What needs to be done
Beneath this instruction is a listing; print exactly the lines in it starting at the line that contains "Vòng tay chỉ" and going through the line that contains "Lynchburg, TN 37352".

Data for review
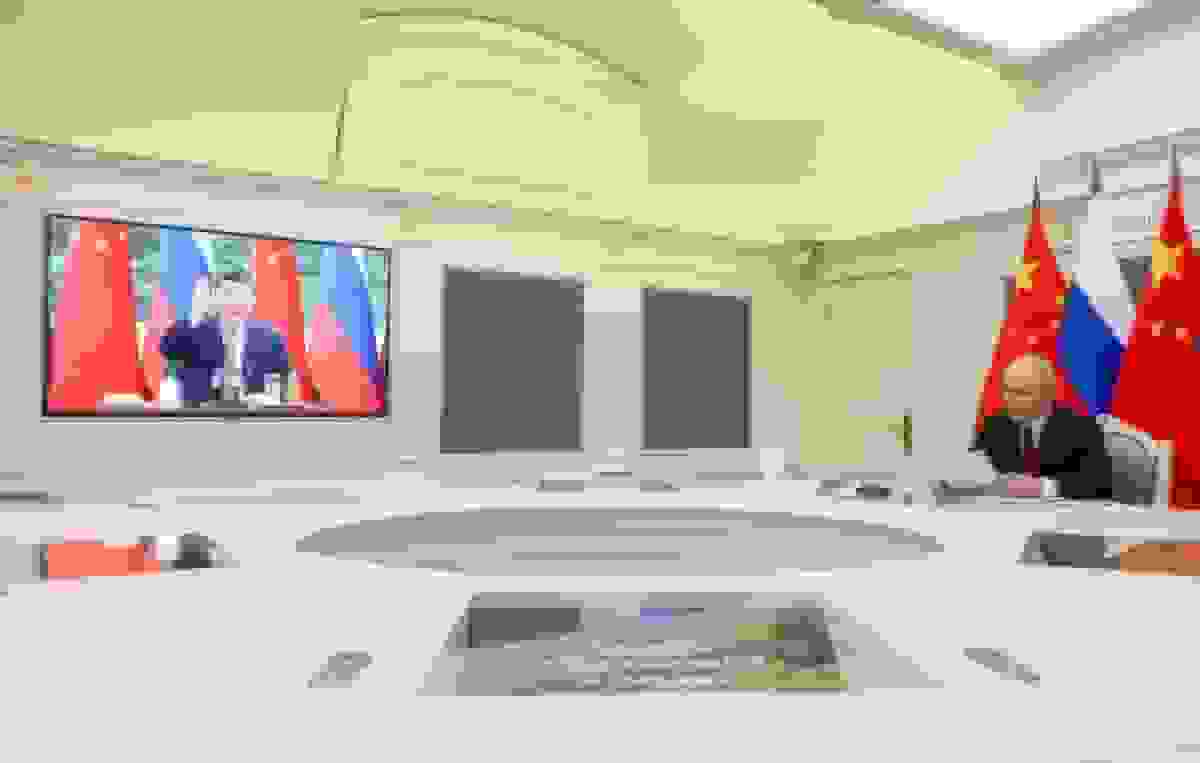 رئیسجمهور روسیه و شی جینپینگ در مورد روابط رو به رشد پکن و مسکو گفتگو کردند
* * *
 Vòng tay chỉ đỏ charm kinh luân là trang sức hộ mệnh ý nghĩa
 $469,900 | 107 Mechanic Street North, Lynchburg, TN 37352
* * *
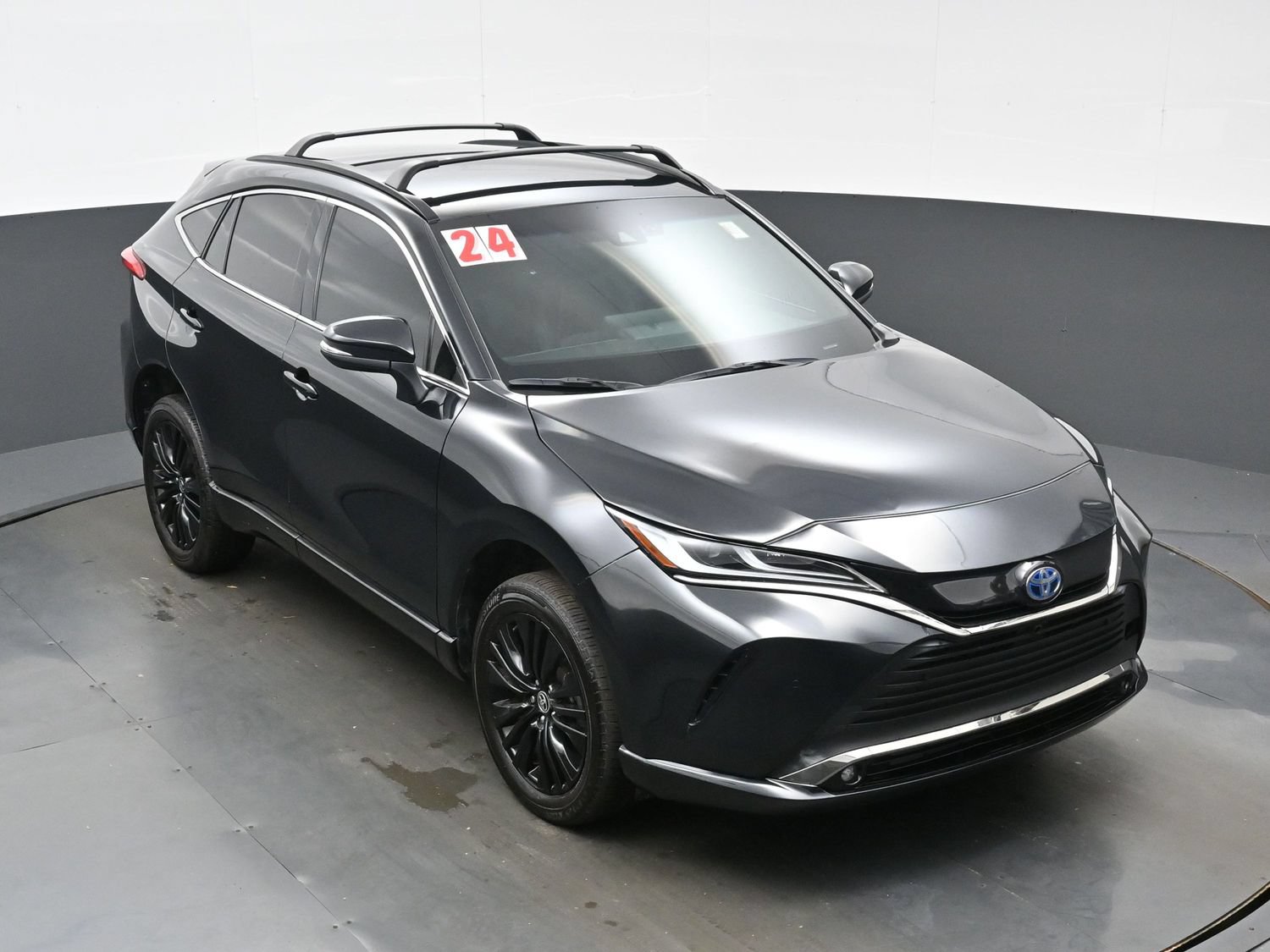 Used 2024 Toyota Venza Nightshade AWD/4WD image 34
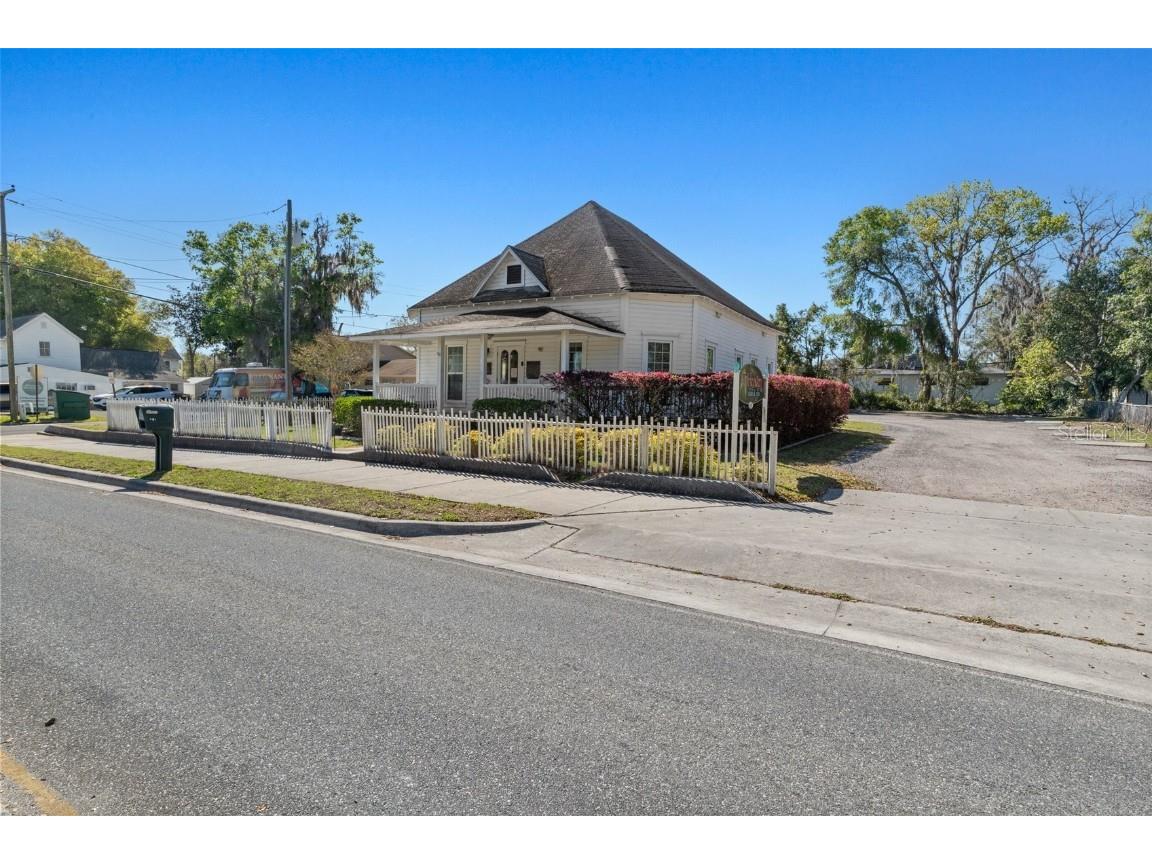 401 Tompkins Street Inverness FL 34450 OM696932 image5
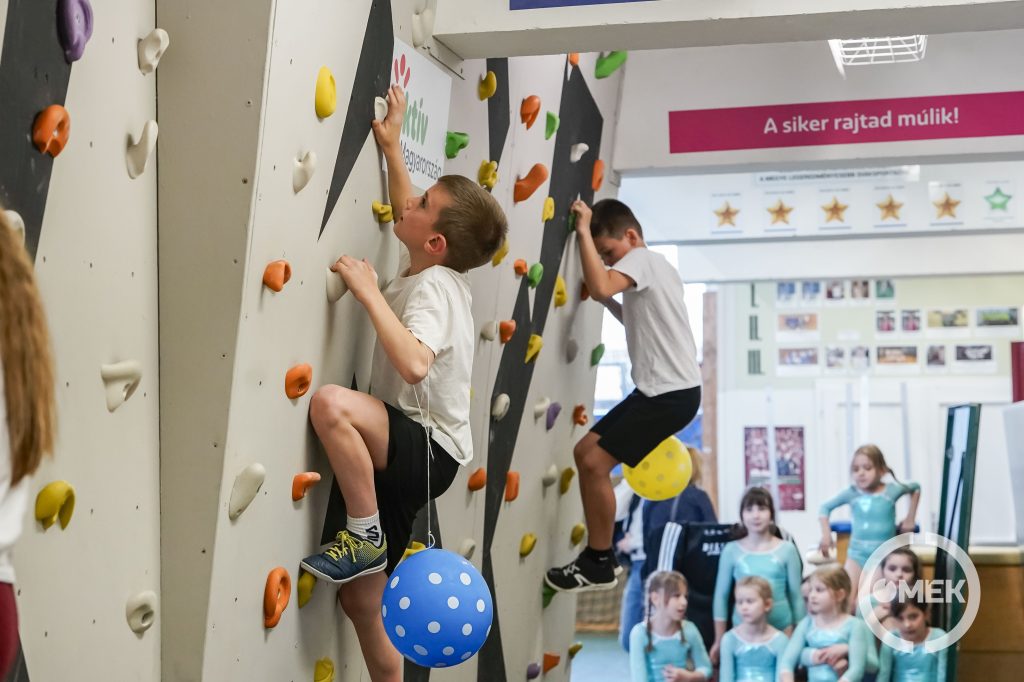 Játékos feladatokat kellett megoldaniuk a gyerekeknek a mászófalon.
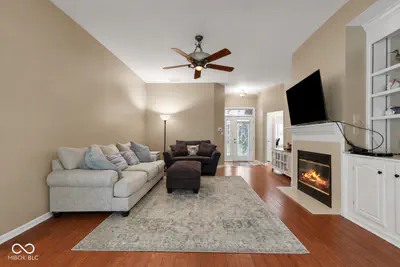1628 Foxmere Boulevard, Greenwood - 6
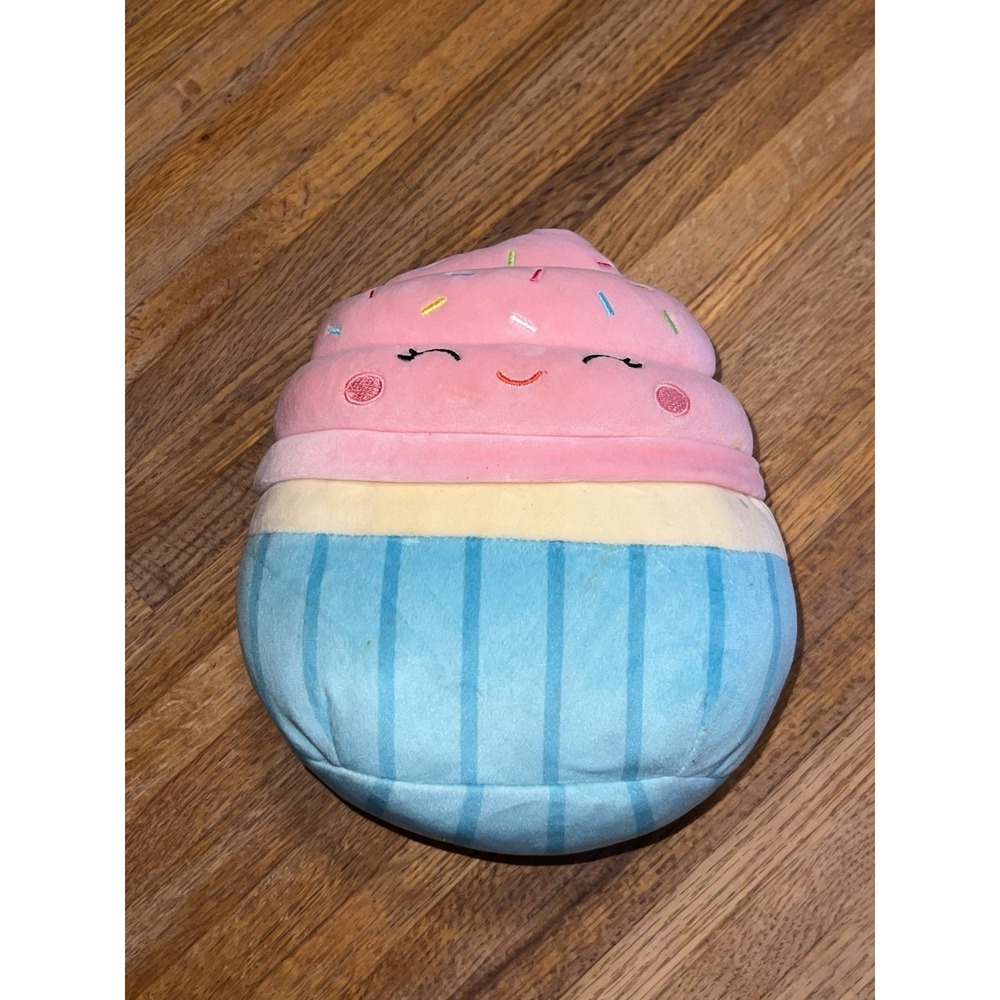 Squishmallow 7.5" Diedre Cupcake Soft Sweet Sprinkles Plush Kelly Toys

Reply
 Vòng tay chỉ đỏ charm kinh luân là trang sức hộ mệnh ý nghĩa
 $469,900 | 107 Mechanic Street North, Lynchburg, TN 37352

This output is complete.